TARDIS: Mitigating Temporal Misalignment via Representation Steering
Changho Shin, Xinya Yan, Suenggwan Jo, Sungjun Cho, Shourjo Aditya Chaudhuri, Frederic Sala
TL;DR
Temporal misalignment—shifts between training and test distributions over time—causes language models to underperform. TARDIS proposes an unsupervised representation-editing approach that computes steering vectors $v^l_{s\rightarrow t}$ from mean representations across time and applies a controlled shift to hidden states via $\tilde{h}^l = h^l + \alpha v^l_{s\rightarrow t}$, targeting key layers. The method can interpolate/extrapolate steering vectors and even dynamically combine multiple time-period steering when the target time is unknown, achieving up to $19.2\%$ accuracy gains without fine-tuning across three datasets and various model sizes.

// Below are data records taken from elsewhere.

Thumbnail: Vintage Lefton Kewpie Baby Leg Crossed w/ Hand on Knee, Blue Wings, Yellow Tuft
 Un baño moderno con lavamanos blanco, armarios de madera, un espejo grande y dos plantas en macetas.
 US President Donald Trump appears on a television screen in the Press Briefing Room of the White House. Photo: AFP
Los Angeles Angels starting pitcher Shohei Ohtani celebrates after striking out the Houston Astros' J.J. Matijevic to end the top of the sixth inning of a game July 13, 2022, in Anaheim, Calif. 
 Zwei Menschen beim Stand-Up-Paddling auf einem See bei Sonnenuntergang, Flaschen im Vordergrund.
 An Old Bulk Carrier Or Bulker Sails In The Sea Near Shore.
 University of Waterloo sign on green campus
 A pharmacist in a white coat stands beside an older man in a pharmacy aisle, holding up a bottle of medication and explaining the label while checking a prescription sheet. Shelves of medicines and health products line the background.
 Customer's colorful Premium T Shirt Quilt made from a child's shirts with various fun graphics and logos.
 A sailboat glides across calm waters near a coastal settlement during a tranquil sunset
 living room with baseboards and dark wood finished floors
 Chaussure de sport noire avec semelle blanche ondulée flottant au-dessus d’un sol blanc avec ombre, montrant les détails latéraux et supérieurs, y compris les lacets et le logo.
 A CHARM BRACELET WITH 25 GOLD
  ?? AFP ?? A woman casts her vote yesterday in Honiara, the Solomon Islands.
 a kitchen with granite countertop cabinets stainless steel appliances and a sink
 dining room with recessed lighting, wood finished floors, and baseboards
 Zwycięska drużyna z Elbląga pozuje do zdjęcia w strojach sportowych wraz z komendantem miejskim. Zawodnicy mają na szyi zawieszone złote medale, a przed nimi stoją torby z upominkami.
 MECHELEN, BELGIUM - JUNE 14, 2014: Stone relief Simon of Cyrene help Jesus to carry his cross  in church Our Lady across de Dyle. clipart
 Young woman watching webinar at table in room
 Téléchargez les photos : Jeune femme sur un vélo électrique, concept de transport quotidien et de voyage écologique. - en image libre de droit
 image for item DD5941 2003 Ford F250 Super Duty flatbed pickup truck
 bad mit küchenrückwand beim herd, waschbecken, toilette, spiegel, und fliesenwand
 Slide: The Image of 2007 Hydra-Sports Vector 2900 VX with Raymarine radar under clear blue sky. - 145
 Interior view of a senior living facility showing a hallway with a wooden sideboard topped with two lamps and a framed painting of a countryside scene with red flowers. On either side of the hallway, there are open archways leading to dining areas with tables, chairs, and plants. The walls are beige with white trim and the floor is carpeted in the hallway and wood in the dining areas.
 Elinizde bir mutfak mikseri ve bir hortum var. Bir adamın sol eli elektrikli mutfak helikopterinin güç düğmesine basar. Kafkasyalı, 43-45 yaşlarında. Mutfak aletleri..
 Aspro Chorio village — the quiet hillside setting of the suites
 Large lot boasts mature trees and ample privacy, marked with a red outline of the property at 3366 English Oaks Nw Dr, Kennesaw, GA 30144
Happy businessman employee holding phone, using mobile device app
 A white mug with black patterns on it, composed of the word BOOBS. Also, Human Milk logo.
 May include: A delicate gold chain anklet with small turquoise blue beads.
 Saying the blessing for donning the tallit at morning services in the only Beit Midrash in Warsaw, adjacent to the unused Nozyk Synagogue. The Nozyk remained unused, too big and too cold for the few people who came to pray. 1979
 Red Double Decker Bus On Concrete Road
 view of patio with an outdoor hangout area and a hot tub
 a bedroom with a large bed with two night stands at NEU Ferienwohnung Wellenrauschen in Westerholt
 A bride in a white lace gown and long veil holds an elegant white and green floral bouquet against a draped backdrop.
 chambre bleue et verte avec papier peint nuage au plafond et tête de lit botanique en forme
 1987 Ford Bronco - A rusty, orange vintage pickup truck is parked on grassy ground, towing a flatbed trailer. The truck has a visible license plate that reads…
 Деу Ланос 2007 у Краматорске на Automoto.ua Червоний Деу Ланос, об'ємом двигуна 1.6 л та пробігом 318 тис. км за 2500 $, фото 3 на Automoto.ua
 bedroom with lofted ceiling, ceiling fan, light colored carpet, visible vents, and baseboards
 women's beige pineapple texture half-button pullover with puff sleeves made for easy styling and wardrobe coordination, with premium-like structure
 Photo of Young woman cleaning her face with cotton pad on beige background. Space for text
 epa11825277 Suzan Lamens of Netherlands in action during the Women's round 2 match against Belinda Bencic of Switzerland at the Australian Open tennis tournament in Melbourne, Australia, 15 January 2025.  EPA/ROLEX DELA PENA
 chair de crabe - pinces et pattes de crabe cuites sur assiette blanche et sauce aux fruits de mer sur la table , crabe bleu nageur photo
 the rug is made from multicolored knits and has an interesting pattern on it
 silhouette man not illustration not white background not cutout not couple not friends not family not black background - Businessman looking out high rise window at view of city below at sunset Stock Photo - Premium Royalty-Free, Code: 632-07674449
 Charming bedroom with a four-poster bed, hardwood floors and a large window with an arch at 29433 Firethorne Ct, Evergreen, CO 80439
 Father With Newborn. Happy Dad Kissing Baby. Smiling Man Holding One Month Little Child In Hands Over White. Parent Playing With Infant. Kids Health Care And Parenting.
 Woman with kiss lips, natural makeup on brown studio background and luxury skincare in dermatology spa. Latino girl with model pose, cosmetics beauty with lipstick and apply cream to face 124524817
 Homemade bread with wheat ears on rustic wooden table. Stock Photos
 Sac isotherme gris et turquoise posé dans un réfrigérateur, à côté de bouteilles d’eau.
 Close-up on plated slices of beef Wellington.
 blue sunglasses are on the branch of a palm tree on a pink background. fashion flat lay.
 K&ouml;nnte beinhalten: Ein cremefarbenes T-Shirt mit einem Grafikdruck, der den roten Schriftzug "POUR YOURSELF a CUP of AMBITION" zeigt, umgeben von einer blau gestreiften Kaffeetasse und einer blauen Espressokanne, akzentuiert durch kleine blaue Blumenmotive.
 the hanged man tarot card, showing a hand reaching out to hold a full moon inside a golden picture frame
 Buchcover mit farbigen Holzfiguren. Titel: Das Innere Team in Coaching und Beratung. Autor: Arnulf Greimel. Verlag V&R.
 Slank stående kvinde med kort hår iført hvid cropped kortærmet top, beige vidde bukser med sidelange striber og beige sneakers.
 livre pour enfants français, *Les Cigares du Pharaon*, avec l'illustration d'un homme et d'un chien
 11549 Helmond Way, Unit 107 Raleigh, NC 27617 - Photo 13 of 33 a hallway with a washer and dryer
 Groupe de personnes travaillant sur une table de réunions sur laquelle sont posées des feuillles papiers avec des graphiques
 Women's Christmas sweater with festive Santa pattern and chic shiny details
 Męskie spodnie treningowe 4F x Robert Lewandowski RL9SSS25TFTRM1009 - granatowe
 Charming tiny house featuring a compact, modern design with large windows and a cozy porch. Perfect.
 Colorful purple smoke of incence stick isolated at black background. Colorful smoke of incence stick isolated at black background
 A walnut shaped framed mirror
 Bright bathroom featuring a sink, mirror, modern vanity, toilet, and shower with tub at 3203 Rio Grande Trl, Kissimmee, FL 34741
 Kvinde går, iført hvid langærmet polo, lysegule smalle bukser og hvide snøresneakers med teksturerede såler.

This lightweight, inference-time adaptation offers practical temporal robustness for evolving language tasks and opens avenues for dynamic temporal reasoning with representation-level edits.
Abstract
Language models often struggle with temporal misalignment, performance degradation caused by shifts in the temporal distribution of data. Continuously updating models to avoid degradation is expensive. Can models be adapted without updating model weights? We present TARDIS, an unsupervised representation editing method that addresses this challenge. TARDIS extracts steering vectors from unlabeled data and adjusts the model's representations to better align with the target time period's distribution. Our experiments reveal that TARDIS enhances downstream task performance without the need for fine-tuning, can mitigate temporal misalignment even when exact target time period data is unavailable, and remains efficient even when the temporal information of the target data points is unknown at inference time.